Se há dois anos Vincent Carelli fez uma obra monumental de resgate e resistência da etnia Guarani-Kaiowá, resgatando sua relação com o Estado ao longo da história moderna brasileira, cujo resultado está na desastrosa e incerta situação atual, chamando esse périplo de Martírio, Ara Pyau está ancorado num presente absoluto, repleto de possibilidades de vitória, uma visão otimista de primavera e superação que resulta num engajamento carpe diem. Ainda que a história apareça em certas falas e numa palestra realizada pelos líderes da tribo para explicar como será a ação, seu tempo é o agora, como se o política fosse um evento e não um processo. A música instrumental que acentua os planos de drones mostrando as faixas e ocupação da torres de TV no Pico do Jaraguá exalta o feito, mas o relega à morte da política em favor de um tipo bastante desejado de ativismo contemporâneo: aquele que pode ser entendido, fruído, usado, celebrado, gozado, levado para casa como animal de estimação que pode ser paparicado e alimentado com a melhor ração. Não à toa, a consequência mais impactante e violenta da ação promovida pela tribo vira uma nota de rodapé, uma informação dada rapidamente por reproduções de páginas de notícias e um som off de César Tralli na Rede Globo.
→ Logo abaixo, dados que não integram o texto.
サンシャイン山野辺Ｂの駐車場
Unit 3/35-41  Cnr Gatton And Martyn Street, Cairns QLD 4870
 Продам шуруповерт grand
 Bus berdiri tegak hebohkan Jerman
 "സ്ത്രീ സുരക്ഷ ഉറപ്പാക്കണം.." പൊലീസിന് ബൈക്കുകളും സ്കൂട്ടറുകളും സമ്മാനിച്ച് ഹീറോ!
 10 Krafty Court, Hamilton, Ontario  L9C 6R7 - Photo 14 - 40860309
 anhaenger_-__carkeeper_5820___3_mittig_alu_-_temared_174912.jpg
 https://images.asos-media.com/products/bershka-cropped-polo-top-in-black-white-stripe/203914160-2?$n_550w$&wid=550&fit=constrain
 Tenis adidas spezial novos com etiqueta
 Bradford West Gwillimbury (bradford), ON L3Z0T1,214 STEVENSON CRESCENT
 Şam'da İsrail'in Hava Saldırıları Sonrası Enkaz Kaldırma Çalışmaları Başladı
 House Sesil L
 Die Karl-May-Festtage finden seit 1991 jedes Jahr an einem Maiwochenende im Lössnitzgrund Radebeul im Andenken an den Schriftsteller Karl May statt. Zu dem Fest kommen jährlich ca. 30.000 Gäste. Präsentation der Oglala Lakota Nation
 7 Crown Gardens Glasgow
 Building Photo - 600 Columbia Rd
Num filme que busca mostrar a primavera, não há espaço – simbólico, mas também concreto no plano – para passado ou futuro, para as trevas da herança ou o mistério do desconhecido. Seu espaço é do gozo efêmero e seu tempo é imaterial. Sem fricção ou confronto, Ara Pyau é o heroísmo repaginado no âmbito das identidades à revelia da História – como o reino das ficções se propõe fazer.